This notebook is intended as a supplement to the main OAK CLI docs.
This notebook provides examples for the paths
command, which can be used to query for paths between ontology terms
You can get help on any OAK command using --help
!runoak paths --help
Usage: runoak paths [OPTIONS] [TERMS]... List all paths between one or more start curies. Example: runoak -i sqlite:obo:go paths -p i,p 'nuclear membrane' This shows all shortest paths from nuclear membrane to all ancestors Example: runoak -i sqlite:obo:go paths -p i,p 'nuclear membrane' --target cytoplasm This shows shortest paths between two nodes Example: runoak -i sqlite:obo:go paths -p i,p 'nuclear membrane' 'thylakoid' --target cytoplasm 'thylakoid membrane' This shows all shortest paths between 4 combinations of starts and ends You can also use "@" to separate start node list and end node list. Like most OAK commands, you can pass either explicit terms, or term queries. For example, if you have two files of IDs, then you can do this: runoak -i sqlite:obo:go paths -p i,p .idfile START_NODES.txt @ .idfile END_NODES.txt You can also pass in weights for each predicate, used when calculating shortest paths. Example: runoak -i sqlite:obo:go paths -p i,p 'nuclear membrane' --target cytoplasm --predicate-weights "{i: 0.0001, p: 999}" This shows all shortest paths after weighting relations (Note: you can use the same shorthands as in the `--predicates` option) This command can be combined with others to visualize the paths.

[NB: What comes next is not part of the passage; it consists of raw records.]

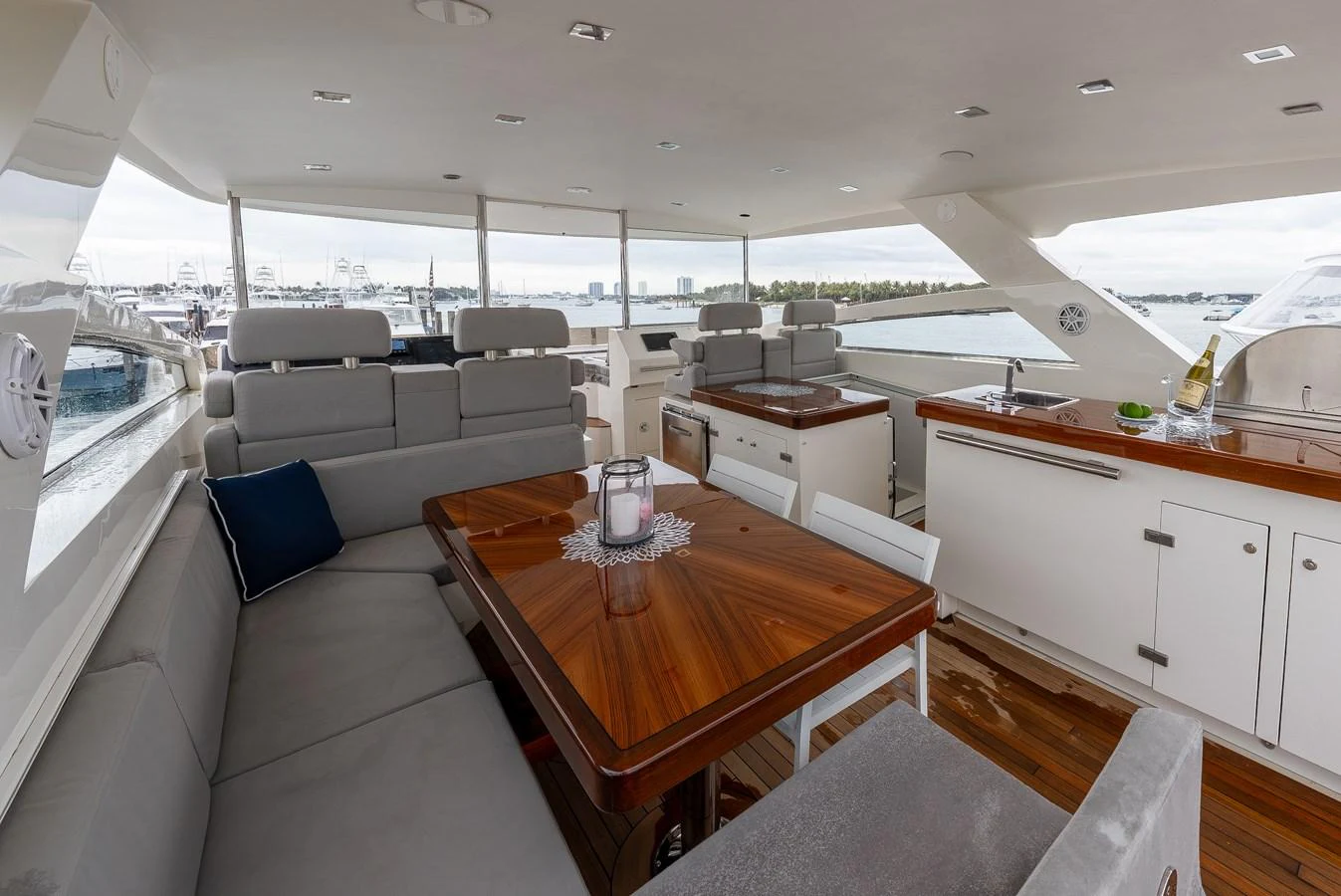 The salon features elegant wooden tables, plush seating, and ample natural light. aboard WHISTLE Yacht for Sale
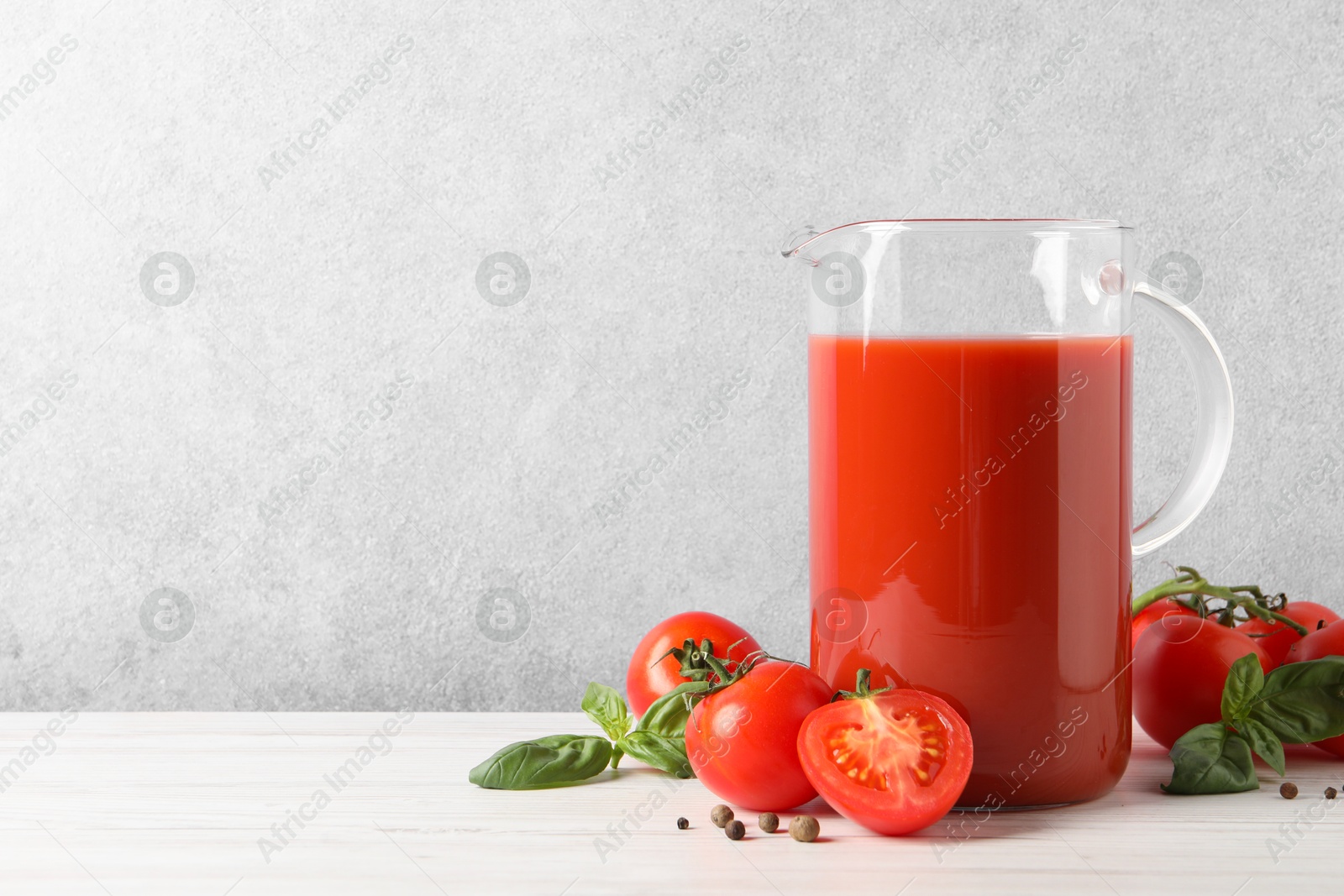 Photo of Tasty tomato juice in jug, basil, peppercorns and vegetables on white wooden table indoors. Space for text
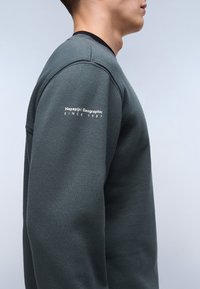 Donkergroen sweatshirt met een ronde hals en geribde boorden. Bevat een logo dat op de linkermouw is gedrukt. Het materiaal lijkt zacht en gestructureerd.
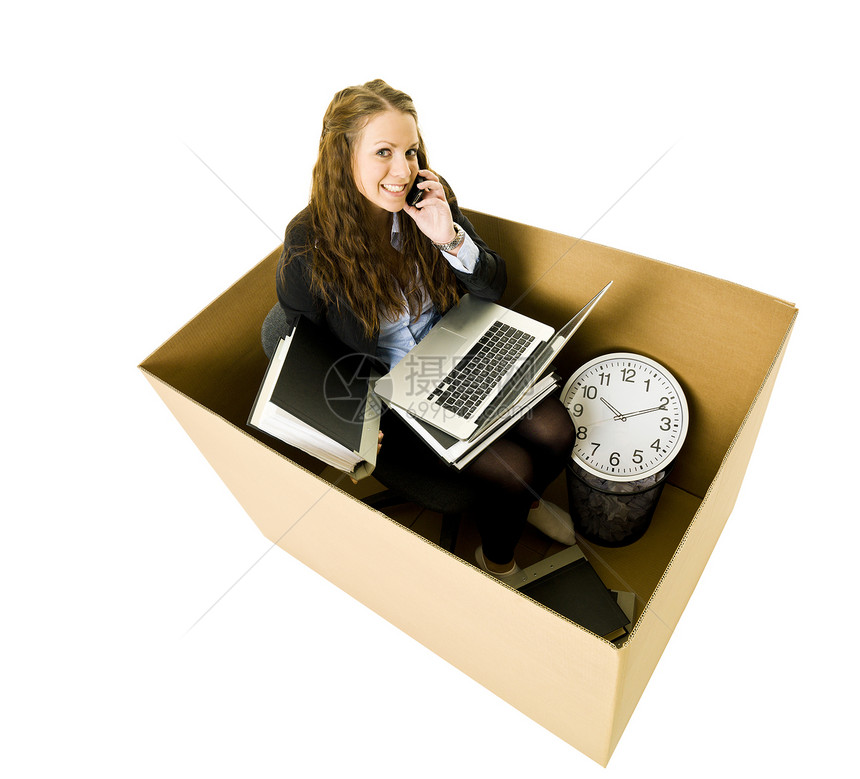 在一个小办公室里的女人纸盒商业工作头发棕色衬衫乐趣人士幸福蓝色图片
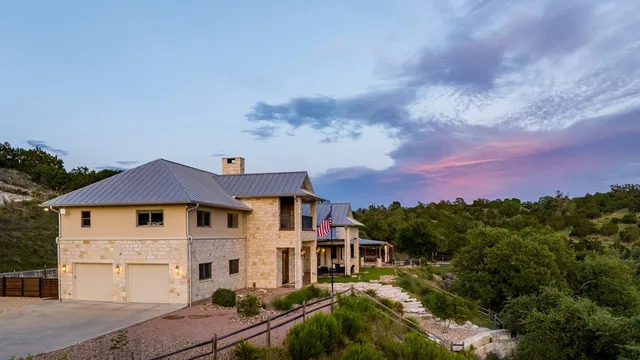 a view of a park with iron fence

Example: alias go="runoak -i sqlite:obo:go" go paths -p i,p 'nuclear membrane' --target cytoplasm --narrow | go viz --fill-gaps - This visualizes the path by first exporting the path as a flat list, then passing the results to viz, using the fill-gaps option Options: --target TEXT end point of path --narrow / --no-narrow If true then output path is written a list of terms [default: no-narrow] --autolabel / --no-autolabel If set, results will automatically have labels assigned [default: autolabel] -p, --predicates TEXT A comma-separated list of predicates -O, --output-type TEXT Desired output type --directed / --no-directed only show directed paths [default: no- directed] --include-predicates / --no-include-predicates show predicates between nodes [default: no- include-predicates] --predicate-weights TEXT key-value pairs specified in YAML where keys are predicates or shorthands and values are weights -o, --output FILENAME Output file, e.g. obo file --help Show this message and exit.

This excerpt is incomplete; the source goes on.